Instructions to follow: Please give, exactly as they appear below, the line with "this 350×262 image." and every line after it through the final one, and nothing else.

Image-backed grounding data:
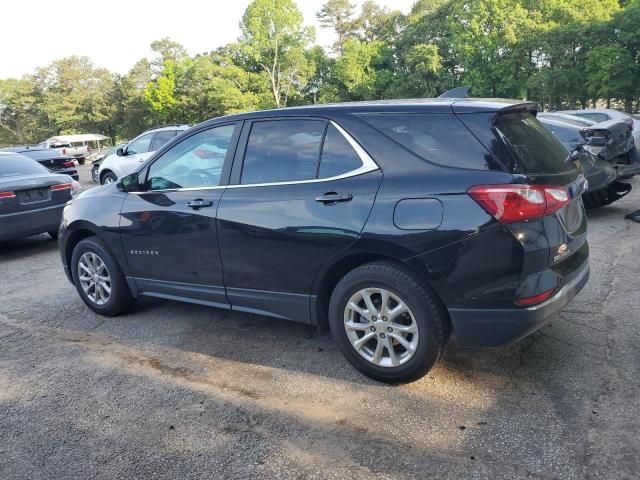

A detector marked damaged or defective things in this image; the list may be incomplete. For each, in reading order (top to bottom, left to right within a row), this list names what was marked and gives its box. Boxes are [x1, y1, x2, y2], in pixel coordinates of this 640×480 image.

damaged car [536, 114, 636, 210]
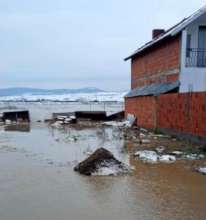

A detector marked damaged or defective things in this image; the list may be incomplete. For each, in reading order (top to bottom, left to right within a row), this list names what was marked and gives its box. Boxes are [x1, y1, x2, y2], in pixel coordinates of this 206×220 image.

broken concrete slab [74, 147, 131, 176]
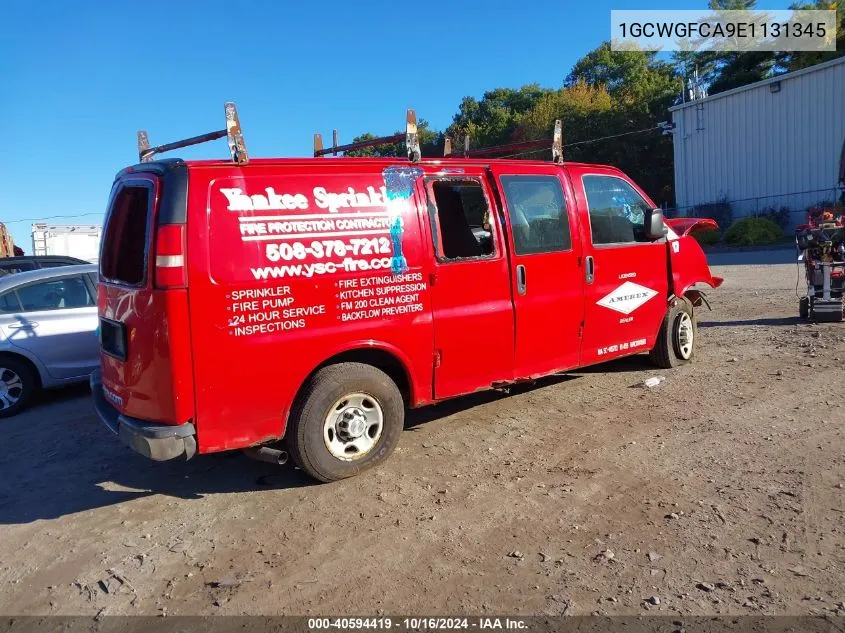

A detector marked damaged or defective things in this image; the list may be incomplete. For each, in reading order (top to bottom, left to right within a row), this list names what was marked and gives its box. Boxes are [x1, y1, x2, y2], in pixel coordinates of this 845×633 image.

damaged red van [94, 103, 724, 482]
exposed wheel well [0, 354, 42, 388]
exposed wheel well [310, 348, 412, 402]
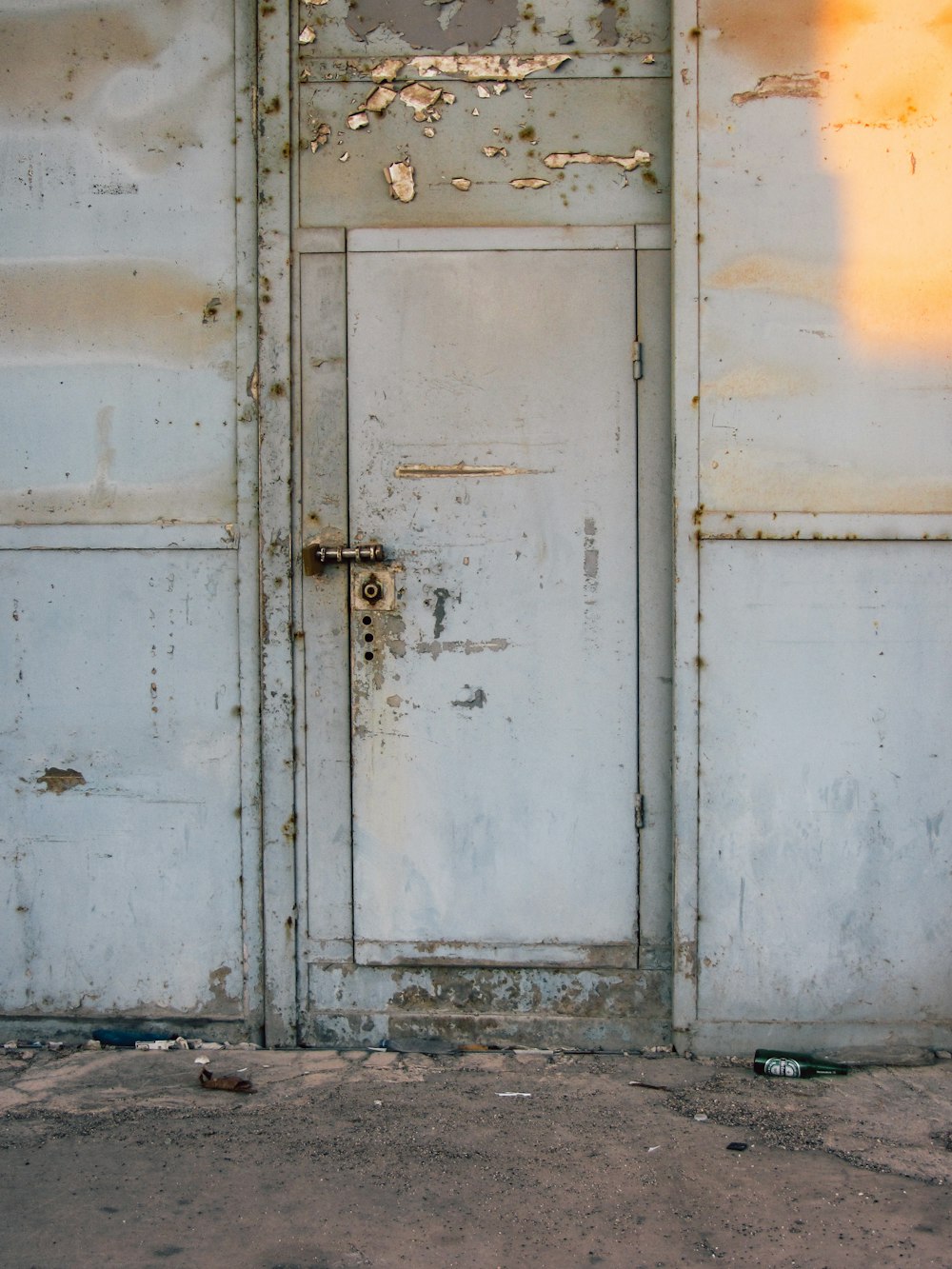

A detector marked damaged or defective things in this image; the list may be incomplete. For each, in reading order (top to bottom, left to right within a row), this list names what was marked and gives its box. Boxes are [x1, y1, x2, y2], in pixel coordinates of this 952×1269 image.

peeling paint flake [736, 70, 832, 104]
rust stain [736, 71, 832, 104]
peeling paint flake [548, 149, 655, 172]
peeling paint flake [386, 158, 416, 203]
orange rust stain on wall [0, 261, 236, 367]
rust stain [0, 261, 236, 367]
peeling paint flake [393, 459, 550, 474]
rust stain [35, 761, 85, 791]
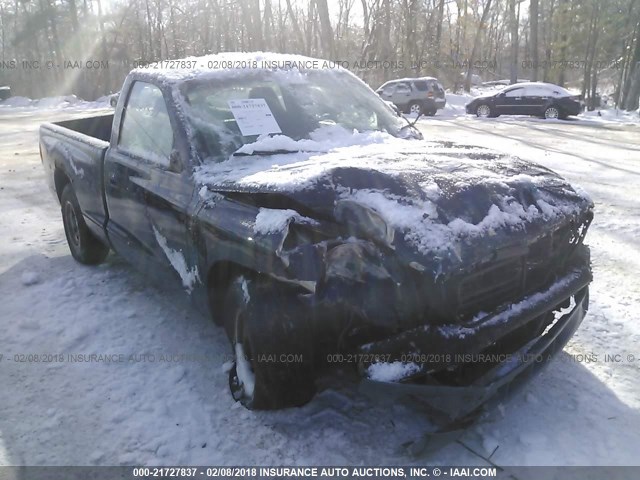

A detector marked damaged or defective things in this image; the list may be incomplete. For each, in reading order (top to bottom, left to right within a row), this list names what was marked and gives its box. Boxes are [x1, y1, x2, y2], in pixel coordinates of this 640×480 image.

damaged pickup truck [41, 53, 596, 432]
broken headlight [336, 201, 396, 249]
crumpled hood [196, 140, 596, 270]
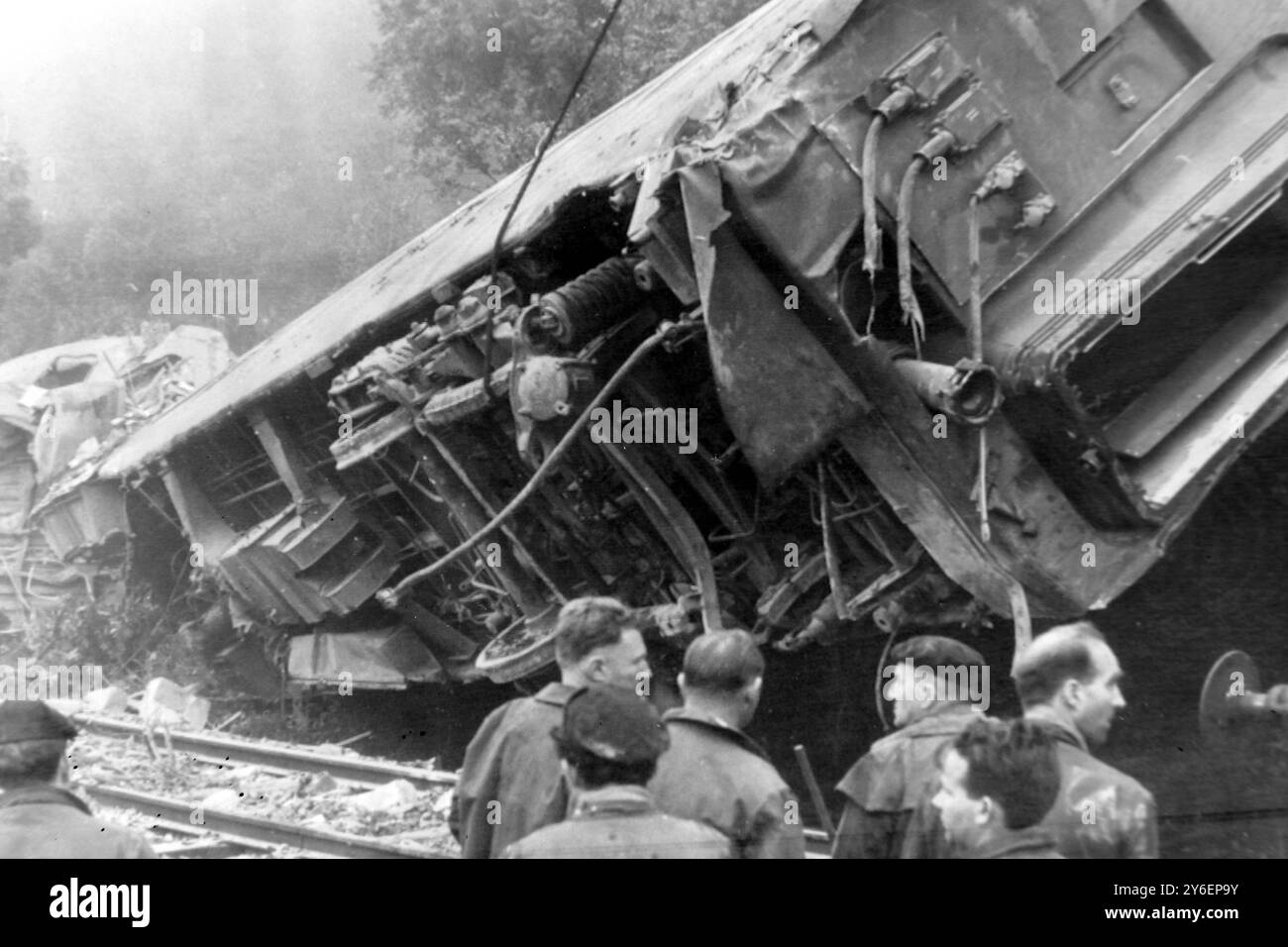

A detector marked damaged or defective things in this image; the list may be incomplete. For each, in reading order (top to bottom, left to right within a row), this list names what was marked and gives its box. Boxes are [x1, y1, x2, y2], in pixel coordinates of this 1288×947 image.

broken coupling [892, 357, 1003, 428]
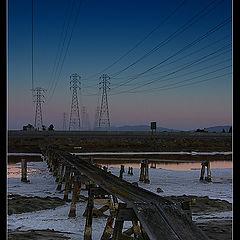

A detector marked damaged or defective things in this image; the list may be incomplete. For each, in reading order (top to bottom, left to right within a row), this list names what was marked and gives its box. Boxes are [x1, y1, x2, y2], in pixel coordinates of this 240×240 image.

rusty structure [39, 144, 208, 240]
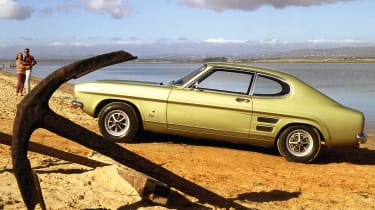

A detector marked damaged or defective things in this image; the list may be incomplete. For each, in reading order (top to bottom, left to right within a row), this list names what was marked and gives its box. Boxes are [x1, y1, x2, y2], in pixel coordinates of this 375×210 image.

rusty anchor [11, 51, 247, 210]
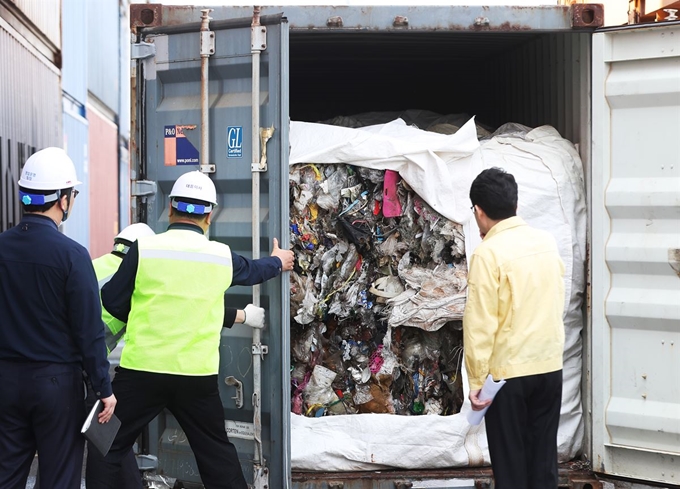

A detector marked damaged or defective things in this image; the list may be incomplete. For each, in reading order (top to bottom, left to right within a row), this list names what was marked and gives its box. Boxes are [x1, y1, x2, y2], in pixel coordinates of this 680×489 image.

rust on container [131, 3, 163, 31]
rust on container [572, 3, 604, 28]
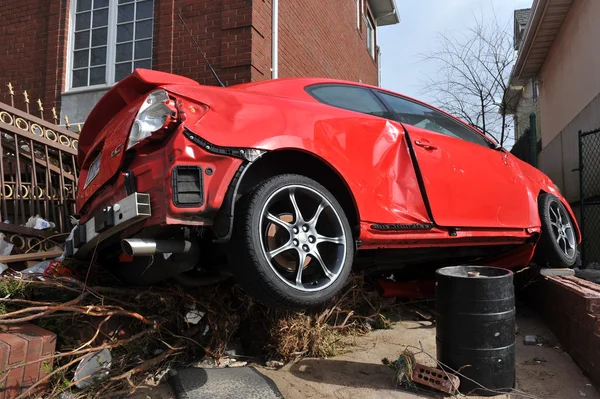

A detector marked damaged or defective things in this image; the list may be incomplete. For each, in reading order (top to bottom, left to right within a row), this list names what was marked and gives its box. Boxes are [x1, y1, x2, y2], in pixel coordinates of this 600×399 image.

crashed red car [70, 70, 580, 310]
rusty metal piece [410, 364, 462, 396]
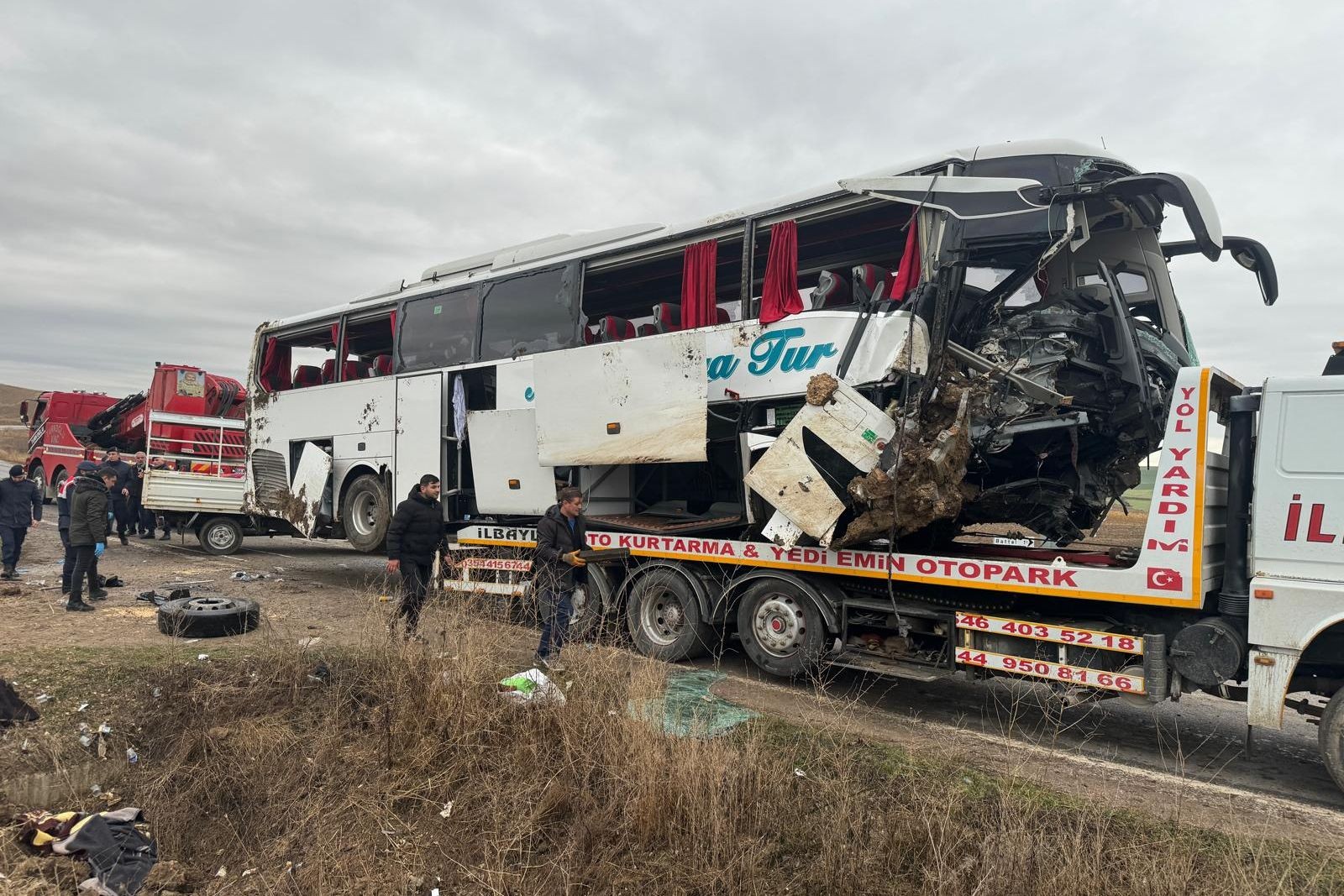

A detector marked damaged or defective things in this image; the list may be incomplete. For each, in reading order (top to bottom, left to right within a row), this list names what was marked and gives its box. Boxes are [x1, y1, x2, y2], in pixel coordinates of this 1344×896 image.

damaged luggage compartment [749, 154, 1277, 544]
severely damaged bus [234, 141, 1304, 705]
detached tire [197, 514, 244, 554]
detached tire [341, 474, 388, 551]
detached tire [157, 595, 260, 635]
detached tire [628, 568, 719, 658]
detached tire [736, 574, 830, 675]
detached tire [1310, 685, 1344, 789]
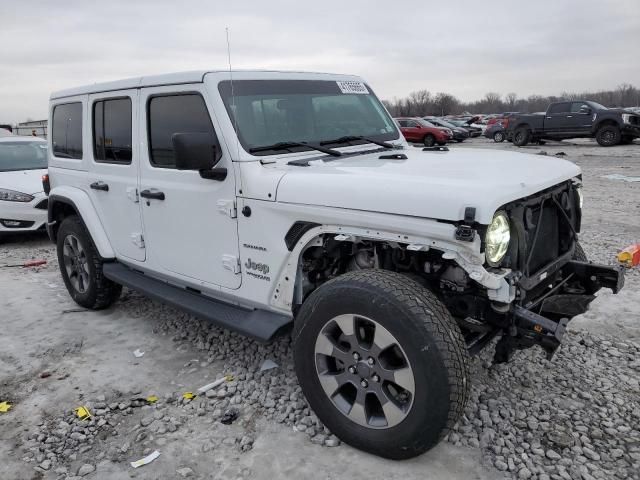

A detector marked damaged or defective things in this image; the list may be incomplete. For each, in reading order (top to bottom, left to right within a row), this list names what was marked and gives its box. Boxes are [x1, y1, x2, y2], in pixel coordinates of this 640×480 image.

detached bumper [496, 262, 624, 360]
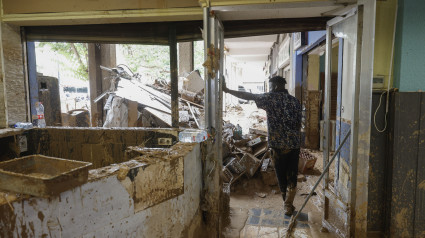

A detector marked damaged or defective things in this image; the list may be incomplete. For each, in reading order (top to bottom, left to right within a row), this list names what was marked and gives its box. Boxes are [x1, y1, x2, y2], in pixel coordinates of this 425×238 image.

broken furniture [0, 154, 91, 197]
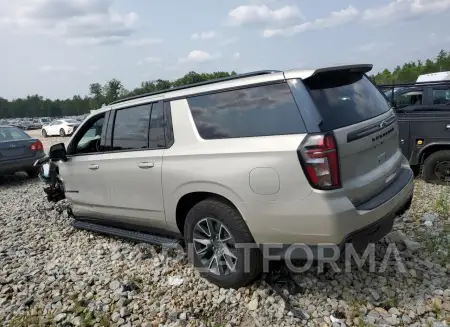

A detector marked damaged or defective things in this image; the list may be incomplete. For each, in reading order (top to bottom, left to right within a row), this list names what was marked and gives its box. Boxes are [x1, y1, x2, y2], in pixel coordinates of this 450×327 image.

damaged front end [33, 156, 65, 202]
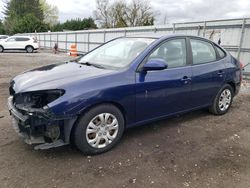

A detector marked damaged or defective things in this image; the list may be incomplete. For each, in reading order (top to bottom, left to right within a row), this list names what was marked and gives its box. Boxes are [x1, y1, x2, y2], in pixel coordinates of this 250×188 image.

exposed headlight area [13, 89, 65, 112]
damaged front bumper [7, 97, 76, 150]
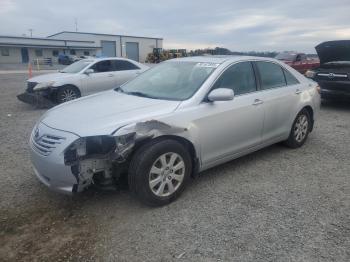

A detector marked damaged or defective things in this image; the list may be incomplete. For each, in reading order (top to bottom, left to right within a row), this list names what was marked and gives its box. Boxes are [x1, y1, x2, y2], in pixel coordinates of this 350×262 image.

damaged front bumper [17, 90, 54, 106]
detached bumper cover [17, 91, 54, 107]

Expected output:
A detector marked damaged or defective things in this image; the list may be incomplete. For each, in reading order (top to bottom, left to right within a row), this list names what was marked and gives its box. Boxes are [x1, y1, x2, y2], in pixel coordinates of this 350×262 image.

damaged front bumper [17, 90, 54, 106]
detached bumper cover [17, 91, 54, 107]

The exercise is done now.